Linear-Scaling Tensor Train Sketching
This work addresses a bottleneck in tensor computations for fields like quantum chemistry by providing a more efficient sketching method, though it is incremental as it builds on existing tensor train sketching operators.
The paper tackles the problem of exponential scaling in tensor order for sketching in tensor train format by introducing the Block Sparse Tensor Train (BSTT) sketch, which achieves linear scaling in tensor order and subspace dimension, as proven with error bounds for applications like QB factorization and TT rounding.

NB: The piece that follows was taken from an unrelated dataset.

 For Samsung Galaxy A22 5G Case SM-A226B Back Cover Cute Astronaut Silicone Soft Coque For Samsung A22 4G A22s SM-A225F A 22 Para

We introduce the Block Sparse Tensor Train (BSTT) sketch, a structured random projection tailored to the tensor train (TT) format that unifies existing TT-adapted sketching operators. By varying two integer parameters $P$ and $R$, BSTT interpolates between the Khatri-Rao sketch ($R=1$) and the Gaussian TT sketch ($P=1$). We prove that BSTT satisfies an oblivious subspace embedding (OSE) property with parameters $R = \mathcal{O}(d(r+\log 1/δ))$ and $P = \mathcal{O}(\varepsilon^{-2})$, and an oblivious subspace injection (OSI) property under the condition $R = \mathcal{O}(d)$ and $P = \mathcal{O}(\varepsilon^{-2}(r + \log r/δ))$. Both guarantees depend only linearly on the tensor order $d$ and on the subspace dimension $r$, in contrast to prior constructions that suffer from exponential scaling in $d$. As direct consequences, we derive quasi-optimal error bounds for the QB factorization and randomized TT rounding. The theoretical results are supported by numerical experiments on synthetic tensors, Hadamard products, and a quantum chemistry application.